Rapid and low-power control over the direction of a radiating light field is a major challenge in photonics and a key enabling technology for emerging sensors and free-space communication links. This program will determine whether optomechanical interactions in guided-wave structures can be used to implement practical and low-cost beam-steering systems on mass manufacturable silicon chips. The resulting devices will demonstrate orders of magnitude lower power and more rapid beam steering than competing approaches. The objective of this research is to develop and demonstrate silicon photonic circuit to steer a radiating optical beam rapidly with low power using guided optomechanical interactions. The approach is to fabricate waveguides that support highly-confined guided optical and mechanical waves with wavevectors matched such that optomechanical scattering couples guided and radiating light fields. To achieve this, silicon nanophotonic design and fabrication techniques will be extended and combined with emerging nanomechanical guided-wave structures and efficient piezoelectric materials to demonstrate revolutionary new beam-steering capabilities. In contrast to previous work, the demonstrated devices, will enable fast and fully 2D beam-steering of a fixed frequency laser.
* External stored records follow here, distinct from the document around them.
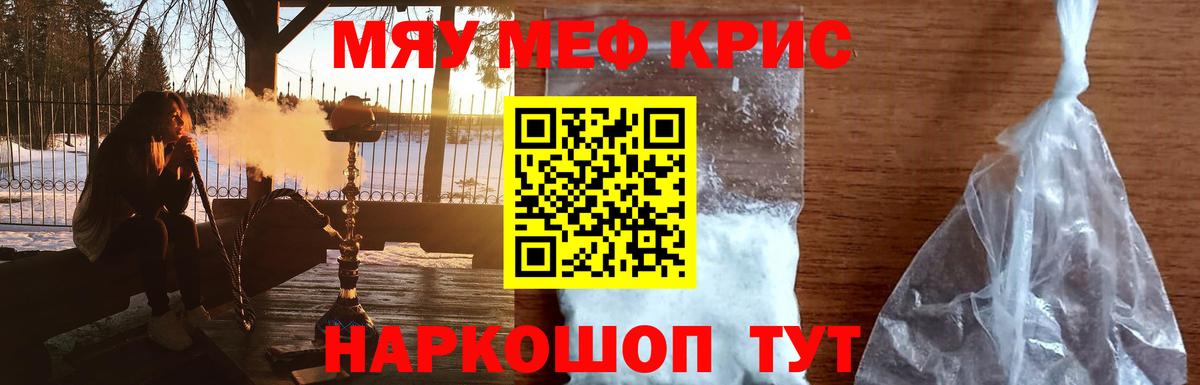 МЕФ  МЯУ-МЯУ mephedrone  Вход с VPN  Алексин 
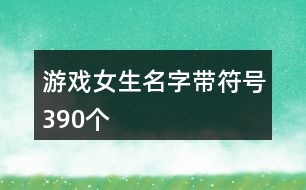 游戲女生名字帶符號390個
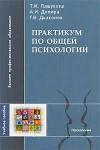 Практикум по общей психологии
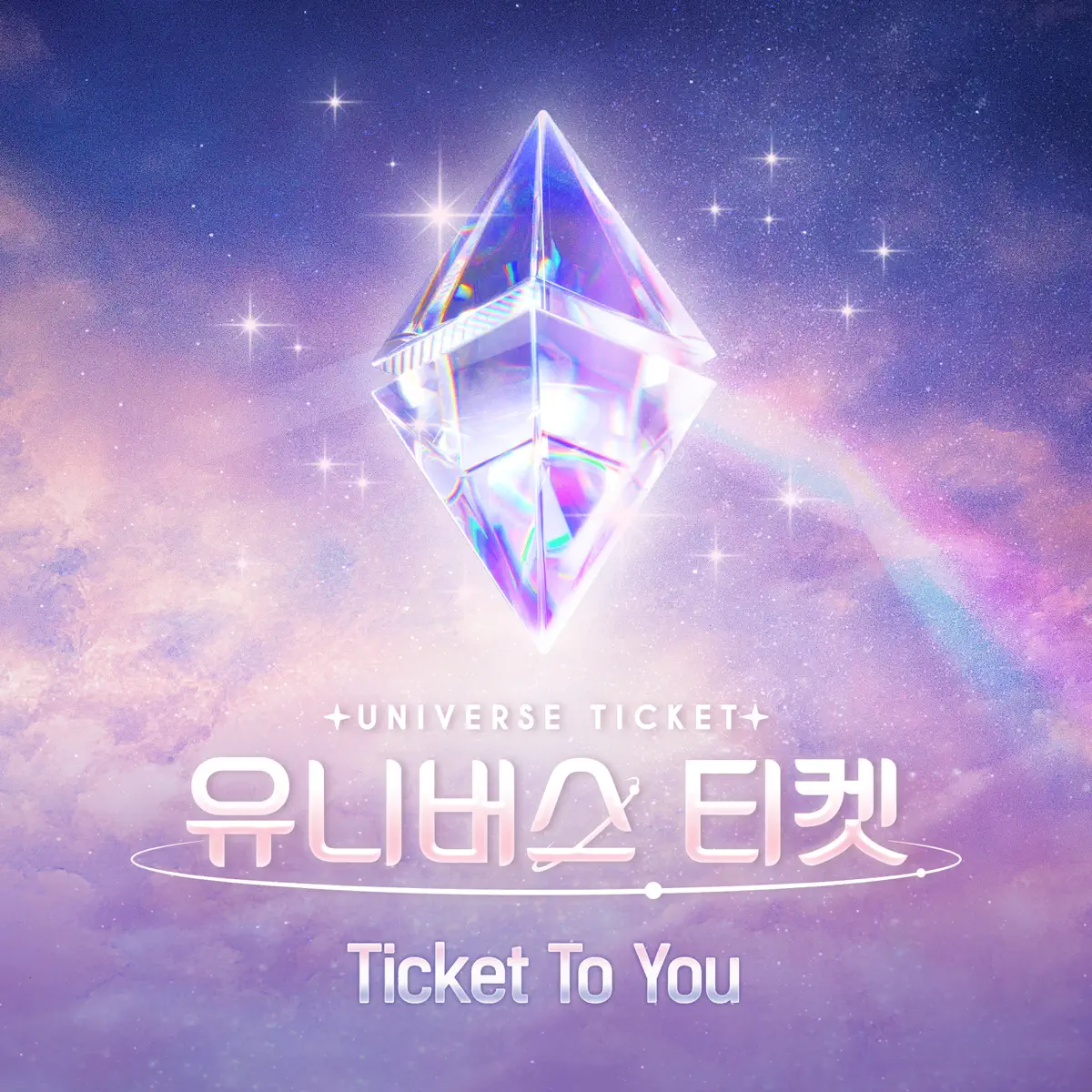 UNIVERSE TICKET - UNIVERSE TICKET - Ticket To You - Single (2023) [iTunes Plus AAC M4A]-新房子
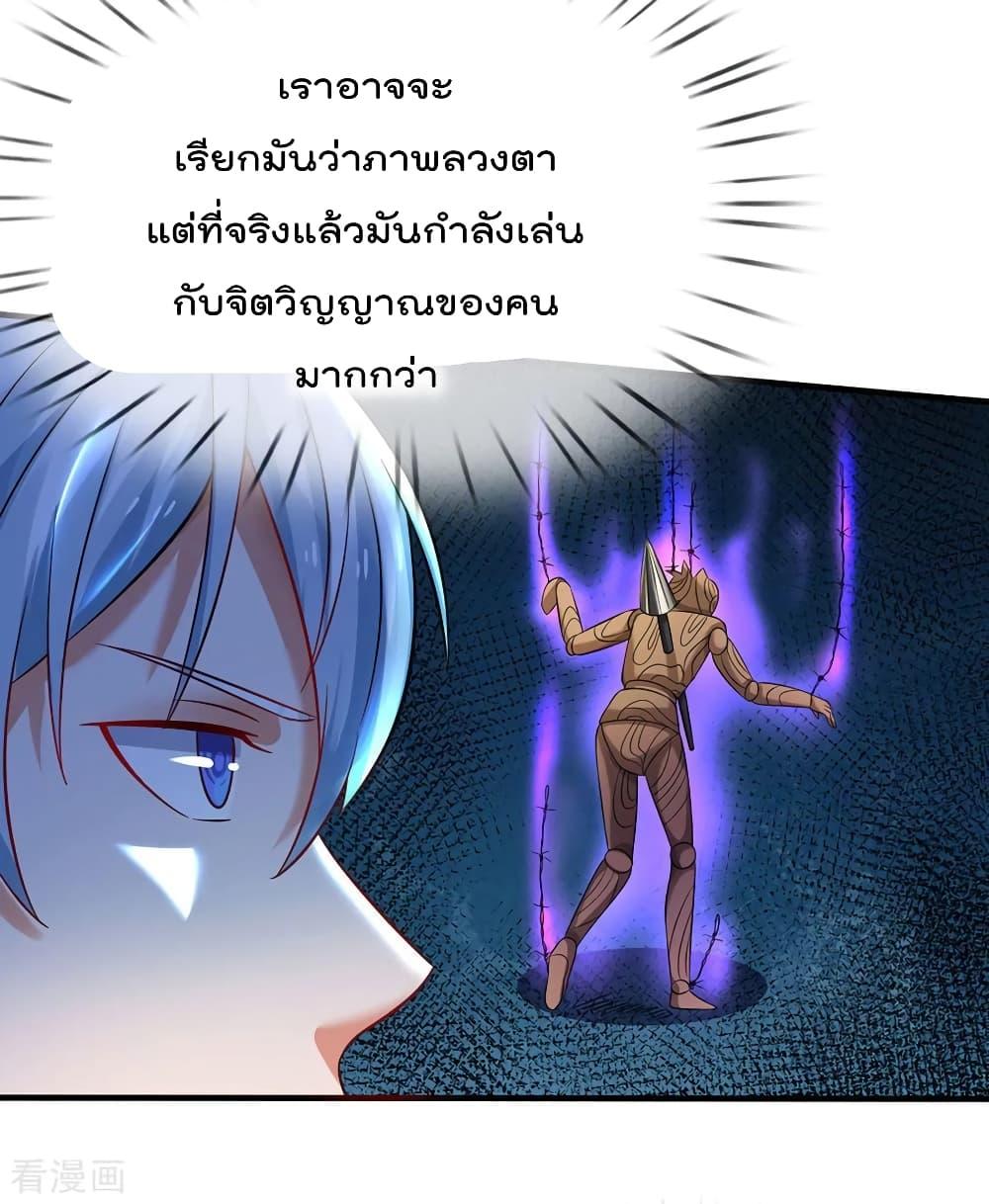 Manga-lc-com อ่านมังงะ อ่านการ์ตูน ออนไลน์ ฟรี I’mTheGreatI ตอนที่ 1 2 3 4 5 6 7 8 9 10 11 12 13 14 ฟรี ไม่มีโฆษณา Manga-lc - อ่าน มังงะ อ่าน การ์ตูน ออนไลน์ อ่านมังงะ ฟรี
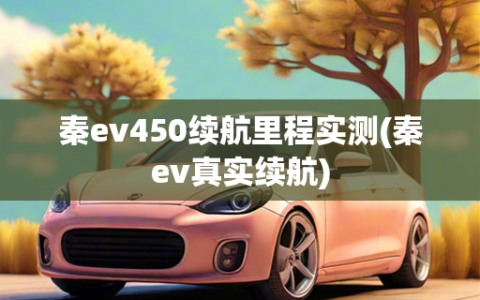 秦ev450续航里程实测(秦ev真实续航)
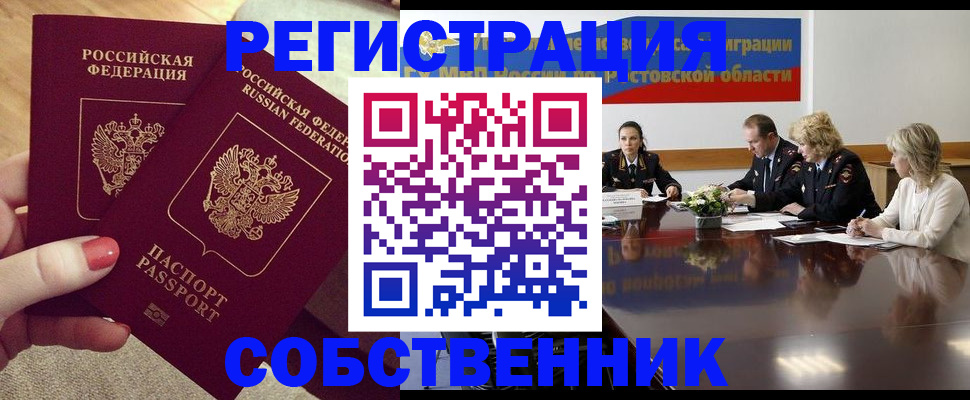 регистрация в Фролово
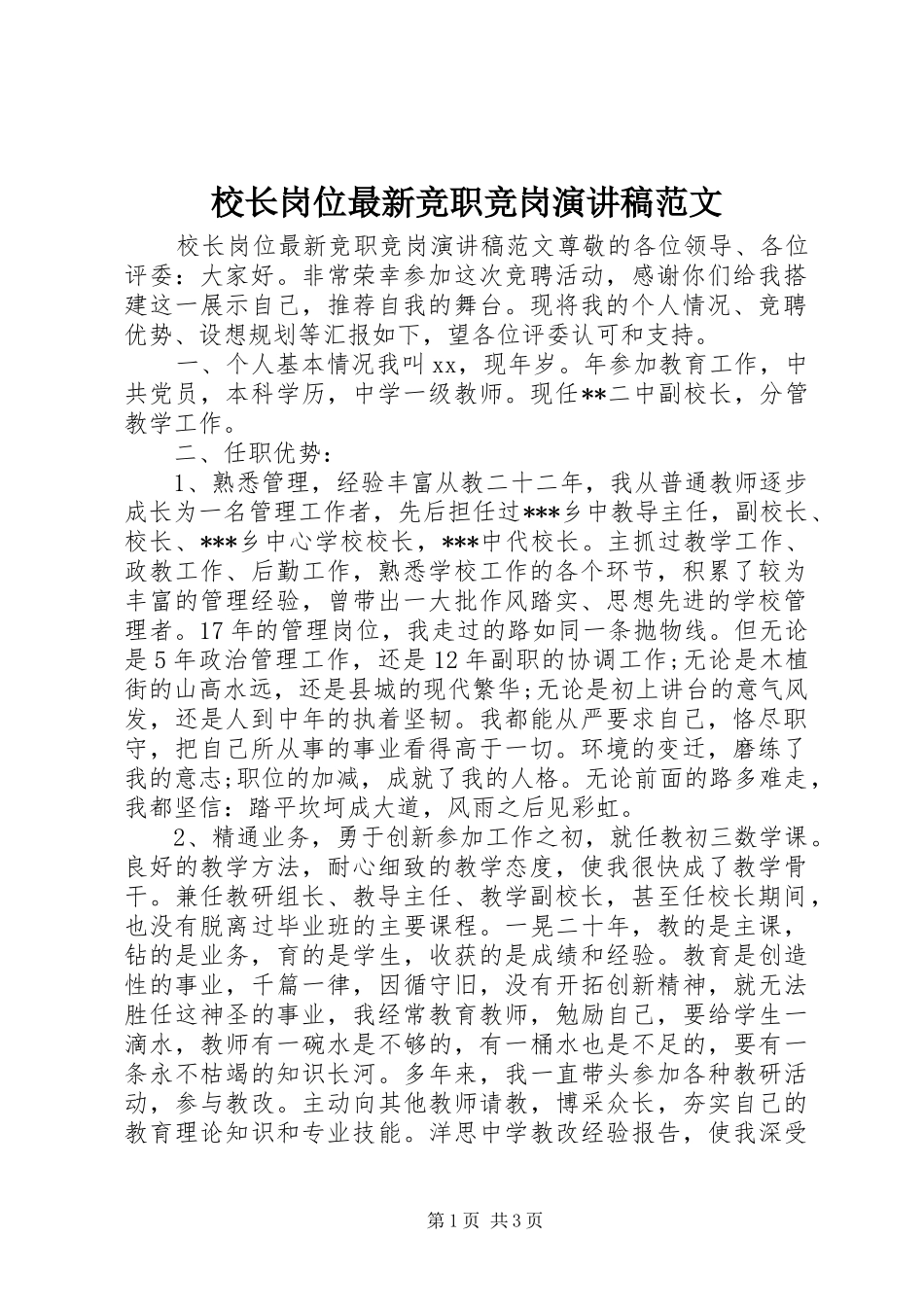 2024年校长岗位最新竞职竞岗演讲稿范文_第1页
They will also realize simultaneous generation of multiple beams, low electrical/mechanical power consumption, large field of view, high sidelobe suppression, and large bandwidth. These capabilities are well beyond that which is achievable with current chip-based approaches.
This award reflects NSF's statutory mission and has been deemed worthy of support through evaluation using the Foundation's intellectual merit and broader impacts review criteria.